Unlike Lukas Rossi, Jenny Galt is modest, humble...Canadian. “I don’t feel like I’m a front runner right now,” she said Sunday night back at the Rock Star mansion.

No wonder she’s so Canadian. Galt was born in Montreal, grew up in Ottawa and lives in Vancouver.

On tonight’s show, her rendition of the Incubus song Drive lacks it. The judges didn’t roast her, but they did tell her to stop playing it safe.

“The comments I got...really put a fire under my ass,” she says. “I’m going to make some changes. It’s not going to be little nice Jenny anymore.”

The kick-ass boots she bought on Melrose should help, along with the silver skulls and tiny hand cuffs around her neck, a gift from her boyfriend back home in Vancouver.

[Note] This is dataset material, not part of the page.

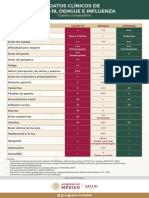 Infografia Datos Clinicos Covid19 PDF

Galt says being cooped up in the rambling Rock Star mansion can drive you nuts at times. Cameras are everywhere (except the bathrooms) and there’s never any privacy. “You feel like you’re living in TVland,” she says.

Executive producer Mark Burnett (currently in the Pearl Islands shooting the next Survivor) is an impressive boss, she says, always making with the song and style suggestions.

Who are the front runners? Galt picks fellow Canuck Rossi, South African Dilana Robichaux and Aussie Toby Rand.

Most of her fellow competitors are pretty cool, but there’s one dude she just doesn’t trust: Rossi. “He messes with your head,” she said. “I think maybe Lukas, sometimes when he is feeling insecure, will do certain things that maybe he’ll regret later. He’s a player. He’s absolutely here to play the game. I’ve heard him say he’s not here to make friends.”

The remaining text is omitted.